What the exercise asks
Below are several records. Retype exactly those lines running from the one with "Sanders Crystal - Darling" through the one with "쯔위, 독보적인 우아함…MV 비하인드 컷 보니", end lines included, and no others.

Record extracts
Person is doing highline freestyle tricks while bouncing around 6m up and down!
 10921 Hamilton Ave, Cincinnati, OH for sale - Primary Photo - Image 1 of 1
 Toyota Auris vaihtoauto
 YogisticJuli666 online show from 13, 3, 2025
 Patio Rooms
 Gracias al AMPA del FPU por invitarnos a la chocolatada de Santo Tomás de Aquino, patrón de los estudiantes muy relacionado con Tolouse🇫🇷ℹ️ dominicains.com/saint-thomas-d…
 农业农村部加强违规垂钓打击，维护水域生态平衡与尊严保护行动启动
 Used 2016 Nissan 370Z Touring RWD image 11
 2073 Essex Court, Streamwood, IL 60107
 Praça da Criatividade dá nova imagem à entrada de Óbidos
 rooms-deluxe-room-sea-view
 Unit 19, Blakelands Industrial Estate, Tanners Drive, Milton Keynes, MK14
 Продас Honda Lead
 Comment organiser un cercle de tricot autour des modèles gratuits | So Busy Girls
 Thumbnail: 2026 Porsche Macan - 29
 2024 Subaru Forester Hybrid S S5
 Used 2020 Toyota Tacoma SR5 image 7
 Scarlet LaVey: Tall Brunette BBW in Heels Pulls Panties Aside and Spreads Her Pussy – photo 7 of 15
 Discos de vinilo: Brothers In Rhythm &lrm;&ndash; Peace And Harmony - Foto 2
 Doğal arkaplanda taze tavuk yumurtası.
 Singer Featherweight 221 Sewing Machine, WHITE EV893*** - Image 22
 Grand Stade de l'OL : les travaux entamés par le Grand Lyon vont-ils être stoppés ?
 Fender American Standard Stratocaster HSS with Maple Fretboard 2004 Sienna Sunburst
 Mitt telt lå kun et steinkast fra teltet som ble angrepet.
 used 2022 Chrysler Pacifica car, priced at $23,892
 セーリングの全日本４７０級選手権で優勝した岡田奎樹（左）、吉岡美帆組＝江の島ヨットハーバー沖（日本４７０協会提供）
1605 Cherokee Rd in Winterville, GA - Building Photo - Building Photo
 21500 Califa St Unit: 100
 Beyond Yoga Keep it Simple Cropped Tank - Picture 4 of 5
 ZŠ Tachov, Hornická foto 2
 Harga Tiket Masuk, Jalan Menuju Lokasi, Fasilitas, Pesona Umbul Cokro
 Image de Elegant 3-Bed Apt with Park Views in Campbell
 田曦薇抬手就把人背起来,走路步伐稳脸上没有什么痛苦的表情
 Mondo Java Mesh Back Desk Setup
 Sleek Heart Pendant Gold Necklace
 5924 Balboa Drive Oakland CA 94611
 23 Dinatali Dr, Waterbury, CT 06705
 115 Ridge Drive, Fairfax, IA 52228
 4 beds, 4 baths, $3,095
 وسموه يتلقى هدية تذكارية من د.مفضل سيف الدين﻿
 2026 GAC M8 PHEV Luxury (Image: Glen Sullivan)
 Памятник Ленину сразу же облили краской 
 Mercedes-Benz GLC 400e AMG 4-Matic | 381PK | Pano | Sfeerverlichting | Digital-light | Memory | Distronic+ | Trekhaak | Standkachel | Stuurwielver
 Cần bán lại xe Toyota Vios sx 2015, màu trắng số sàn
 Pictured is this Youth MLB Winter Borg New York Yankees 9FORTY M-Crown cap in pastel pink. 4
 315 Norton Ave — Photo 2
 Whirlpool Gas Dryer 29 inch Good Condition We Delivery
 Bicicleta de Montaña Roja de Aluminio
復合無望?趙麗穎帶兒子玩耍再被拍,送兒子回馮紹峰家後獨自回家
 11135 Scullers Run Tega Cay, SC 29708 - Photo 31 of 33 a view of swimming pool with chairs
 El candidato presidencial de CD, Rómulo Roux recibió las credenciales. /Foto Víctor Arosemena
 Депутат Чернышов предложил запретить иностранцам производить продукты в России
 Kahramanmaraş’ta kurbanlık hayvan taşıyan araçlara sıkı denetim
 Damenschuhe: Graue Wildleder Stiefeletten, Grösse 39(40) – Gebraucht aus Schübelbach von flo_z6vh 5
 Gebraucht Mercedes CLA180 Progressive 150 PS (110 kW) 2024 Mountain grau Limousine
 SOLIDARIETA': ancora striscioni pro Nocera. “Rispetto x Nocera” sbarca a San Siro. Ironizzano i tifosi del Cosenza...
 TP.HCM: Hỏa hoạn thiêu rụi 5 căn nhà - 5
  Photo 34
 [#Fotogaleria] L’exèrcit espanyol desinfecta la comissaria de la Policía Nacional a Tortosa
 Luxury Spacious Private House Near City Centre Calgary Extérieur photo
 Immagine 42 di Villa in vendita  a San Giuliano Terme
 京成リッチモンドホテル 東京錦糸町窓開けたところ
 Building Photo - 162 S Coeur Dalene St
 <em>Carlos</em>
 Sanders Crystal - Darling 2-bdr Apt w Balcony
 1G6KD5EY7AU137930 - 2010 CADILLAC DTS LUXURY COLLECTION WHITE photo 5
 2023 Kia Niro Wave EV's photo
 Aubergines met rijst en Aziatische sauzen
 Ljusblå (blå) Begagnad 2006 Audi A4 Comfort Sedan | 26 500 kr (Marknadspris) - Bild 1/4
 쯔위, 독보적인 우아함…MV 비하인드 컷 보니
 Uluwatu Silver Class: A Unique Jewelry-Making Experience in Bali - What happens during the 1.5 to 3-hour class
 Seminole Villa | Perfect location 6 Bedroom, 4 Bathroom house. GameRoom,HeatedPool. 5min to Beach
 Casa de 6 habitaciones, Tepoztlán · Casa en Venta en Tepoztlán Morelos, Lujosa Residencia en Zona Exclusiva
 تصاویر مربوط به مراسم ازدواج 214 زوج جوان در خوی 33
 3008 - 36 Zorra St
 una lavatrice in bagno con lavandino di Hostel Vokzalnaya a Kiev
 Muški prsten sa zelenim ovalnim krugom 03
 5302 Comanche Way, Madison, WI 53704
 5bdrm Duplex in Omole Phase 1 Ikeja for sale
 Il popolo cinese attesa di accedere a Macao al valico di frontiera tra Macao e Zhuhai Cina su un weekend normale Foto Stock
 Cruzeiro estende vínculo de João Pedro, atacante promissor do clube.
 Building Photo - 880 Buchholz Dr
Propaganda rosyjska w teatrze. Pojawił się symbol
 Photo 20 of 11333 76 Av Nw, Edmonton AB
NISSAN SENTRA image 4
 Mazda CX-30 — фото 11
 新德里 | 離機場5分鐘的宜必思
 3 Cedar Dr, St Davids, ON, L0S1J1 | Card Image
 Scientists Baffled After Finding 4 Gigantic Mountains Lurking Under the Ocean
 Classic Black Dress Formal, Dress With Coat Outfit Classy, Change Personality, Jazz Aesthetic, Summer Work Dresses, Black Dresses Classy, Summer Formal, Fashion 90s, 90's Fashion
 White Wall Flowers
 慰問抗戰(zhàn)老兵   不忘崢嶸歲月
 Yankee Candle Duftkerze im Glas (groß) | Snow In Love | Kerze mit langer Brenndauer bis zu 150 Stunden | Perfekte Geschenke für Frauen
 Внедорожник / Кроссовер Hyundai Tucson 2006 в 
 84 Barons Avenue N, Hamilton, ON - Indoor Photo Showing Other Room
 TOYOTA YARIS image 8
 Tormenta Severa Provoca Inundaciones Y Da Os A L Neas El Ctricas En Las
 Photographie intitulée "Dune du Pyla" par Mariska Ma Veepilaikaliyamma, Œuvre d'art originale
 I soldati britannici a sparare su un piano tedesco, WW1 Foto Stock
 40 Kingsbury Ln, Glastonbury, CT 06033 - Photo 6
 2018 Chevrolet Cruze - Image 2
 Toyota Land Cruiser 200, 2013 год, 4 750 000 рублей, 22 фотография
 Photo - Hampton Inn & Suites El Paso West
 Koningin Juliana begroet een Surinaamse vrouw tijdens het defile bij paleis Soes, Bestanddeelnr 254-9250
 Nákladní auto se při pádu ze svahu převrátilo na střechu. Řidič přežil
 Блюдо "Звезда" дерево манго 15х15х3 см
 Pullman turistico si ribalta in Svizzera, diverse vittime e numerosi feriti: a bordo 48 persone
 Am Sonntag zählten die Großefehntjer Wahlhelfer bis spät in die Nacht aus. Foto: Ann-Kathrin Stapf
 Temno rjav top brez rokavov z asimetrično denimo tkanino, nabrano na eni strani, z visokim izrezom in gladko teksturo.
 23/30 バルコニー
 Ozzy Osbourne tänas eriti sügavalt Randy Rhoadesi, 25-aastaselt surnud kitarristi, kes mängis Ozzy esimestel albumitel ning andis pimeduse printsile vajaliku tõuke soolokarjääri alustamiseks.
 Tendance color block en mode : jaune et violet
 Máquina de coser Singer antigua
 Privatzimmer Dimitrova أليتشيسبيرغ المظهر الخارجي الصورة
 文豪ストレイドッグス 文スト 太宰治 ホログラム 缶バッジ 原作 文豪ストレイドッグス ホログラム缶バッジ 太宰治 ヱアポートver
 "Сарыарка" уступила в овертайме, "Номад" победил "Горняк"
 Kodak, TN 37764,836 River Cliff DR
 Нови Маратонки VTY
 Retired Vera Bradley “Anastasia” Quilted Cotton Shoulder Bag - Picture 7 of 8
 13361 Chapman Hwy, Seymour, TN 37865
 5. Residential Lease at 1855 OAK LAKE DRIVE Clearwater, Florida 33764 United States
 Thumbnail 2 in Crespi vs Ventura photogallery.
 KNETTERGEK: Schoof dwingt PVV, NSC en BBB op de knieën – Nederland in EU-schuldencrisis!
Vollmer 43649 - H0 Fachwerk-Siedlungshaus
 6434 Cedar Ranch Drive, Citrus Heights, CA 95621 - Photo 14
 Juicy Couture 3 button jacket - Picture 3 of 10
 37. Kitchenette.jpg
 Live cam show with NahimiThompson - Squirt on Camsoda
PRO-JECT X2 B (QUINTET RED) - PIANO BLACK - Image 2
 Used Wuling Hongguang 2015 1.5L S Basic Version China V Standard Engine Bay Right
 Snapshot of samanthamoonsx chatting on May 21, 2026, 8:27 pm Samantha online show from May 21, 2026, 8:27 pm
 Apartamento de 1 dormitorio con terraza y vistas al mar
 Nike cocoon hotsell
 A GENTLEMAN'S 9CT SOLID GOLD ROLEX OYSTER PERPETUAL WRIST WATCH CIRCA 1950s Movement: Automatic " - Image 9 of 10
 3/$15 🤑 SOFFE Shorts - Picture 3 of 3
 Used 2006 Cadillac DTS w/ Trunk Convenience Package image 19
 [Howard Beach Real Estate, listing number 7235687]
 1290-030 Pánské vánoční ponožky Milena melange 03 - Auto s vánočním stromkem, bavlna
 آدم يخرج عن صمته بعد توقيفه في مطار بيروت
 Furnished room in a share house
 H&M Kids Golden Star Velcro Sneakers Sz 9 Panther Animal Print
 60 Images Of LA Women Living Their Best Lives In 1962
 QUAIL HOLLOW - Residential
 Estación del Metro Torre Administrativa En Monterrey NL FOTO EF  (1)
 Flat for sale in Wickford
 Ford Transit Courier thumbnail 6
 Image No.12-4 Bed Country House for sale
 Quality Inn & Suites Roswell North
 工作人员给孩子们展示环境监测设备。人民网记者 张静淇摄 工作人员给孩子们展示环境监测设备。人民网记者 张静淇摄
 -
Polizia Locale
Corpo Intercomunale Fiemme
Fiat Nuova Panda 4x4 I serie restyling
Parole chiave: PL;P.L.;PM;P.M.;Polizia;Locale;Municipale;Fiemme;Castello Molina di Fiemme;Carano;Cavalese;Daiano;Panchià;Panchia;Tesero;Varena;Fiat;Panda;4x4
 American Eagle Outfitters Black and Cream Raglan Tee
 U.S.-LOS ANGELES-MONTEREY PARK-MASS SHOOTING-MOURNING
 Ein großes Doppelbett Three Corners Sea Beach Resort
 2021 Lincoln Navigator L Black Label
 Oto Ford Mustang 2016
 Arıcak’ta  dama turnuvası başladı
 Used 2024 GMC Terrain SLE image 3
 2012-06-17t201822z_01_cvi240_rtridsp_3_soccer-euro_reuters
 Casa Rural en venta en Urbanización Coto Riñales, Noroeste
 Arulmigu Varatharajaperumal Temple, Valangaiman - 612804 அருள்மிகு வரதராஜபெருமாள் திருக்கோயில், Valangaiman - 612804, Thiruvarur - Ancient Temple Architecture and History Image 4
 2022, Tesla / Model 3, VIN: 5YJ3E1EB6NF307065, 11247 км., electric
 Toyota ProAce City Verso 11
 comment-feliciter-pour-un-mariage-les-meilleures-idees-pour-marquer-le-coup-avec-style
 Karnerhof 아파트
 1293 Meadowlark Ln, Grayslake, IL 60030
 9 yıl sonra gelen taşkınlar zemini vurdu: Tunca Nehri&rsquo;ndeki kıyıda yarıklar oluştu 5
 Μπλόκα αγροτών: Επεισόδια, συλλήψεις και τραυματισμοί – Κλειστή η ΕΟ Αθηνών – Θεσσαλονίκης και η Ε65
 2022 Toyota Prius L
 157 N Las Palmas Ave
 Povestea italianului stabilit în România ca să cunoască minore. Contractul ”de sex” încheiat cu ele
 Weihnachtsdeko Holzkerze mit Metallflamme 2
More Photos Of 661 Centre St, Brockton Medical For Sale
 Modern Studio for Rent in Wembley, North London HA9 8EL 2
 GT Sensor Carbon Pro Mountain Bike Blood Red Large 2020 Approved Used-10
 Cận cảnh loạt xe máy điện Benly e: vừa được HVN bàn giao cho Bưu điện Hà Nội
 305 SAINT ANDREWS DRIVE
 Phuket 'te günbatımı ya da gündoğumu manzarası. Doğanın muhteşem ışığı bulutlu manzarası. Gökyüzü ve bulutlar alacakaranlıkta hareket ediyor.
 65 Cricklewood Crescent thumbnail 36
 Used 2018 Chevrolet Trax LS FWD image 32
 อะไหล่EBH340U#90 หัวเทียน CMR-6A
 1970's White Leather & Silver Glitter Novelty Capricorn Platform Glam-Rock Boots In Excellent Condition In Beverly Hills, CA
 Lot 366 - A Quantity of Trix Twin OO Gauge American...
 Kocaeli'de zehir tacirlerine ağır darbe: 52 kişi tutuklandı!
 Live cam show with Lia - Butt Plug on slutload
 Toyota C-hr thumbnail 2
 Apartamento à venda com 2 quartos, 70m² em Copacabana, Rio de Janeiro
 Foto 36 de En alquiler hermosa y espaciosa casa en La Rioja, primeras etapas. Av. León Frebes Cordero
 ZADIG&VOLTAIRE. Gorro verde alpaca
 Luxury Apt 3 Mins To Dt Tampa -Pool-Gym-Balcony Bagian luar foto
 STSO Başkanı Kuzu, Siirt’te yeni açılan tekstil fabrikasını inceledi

Written solution
 Sanders Crystal - Darling 2-bdr Apt w Balcony
 1G6KD5EY7AU137930 - 2010 CADILLAC DTS LUXURY COLLECTION WHITE photo 5
 2023 Kia Niro Wave EV's photo
 Aubergines met rijst en Aziatische sauzen
 Ljusblå (blå) Begagnad 2006 Audi A4 Comfort Sedan | 26 500 kr (Marknadspris) - Bild 1/4
 쯔위, 독보적인 우아함…MV 비하인드 컷 보니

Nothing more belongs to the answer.